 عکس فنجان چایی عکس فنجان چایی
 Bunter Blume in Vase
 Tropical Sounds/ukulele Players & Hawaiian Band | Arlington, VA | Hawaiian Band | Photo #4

-----

▶ [Task instructions]: Please reproduce the entire listing. Keep it identical.

▶ [Response box]:
 عکس فنجان چایی عکس فنجان چایی
 Bunter Blume in Vase
 Tropical Sounds/ukulele Players & Hawaiian Band | Arlington, VA | Hawaiian Band | Photo #4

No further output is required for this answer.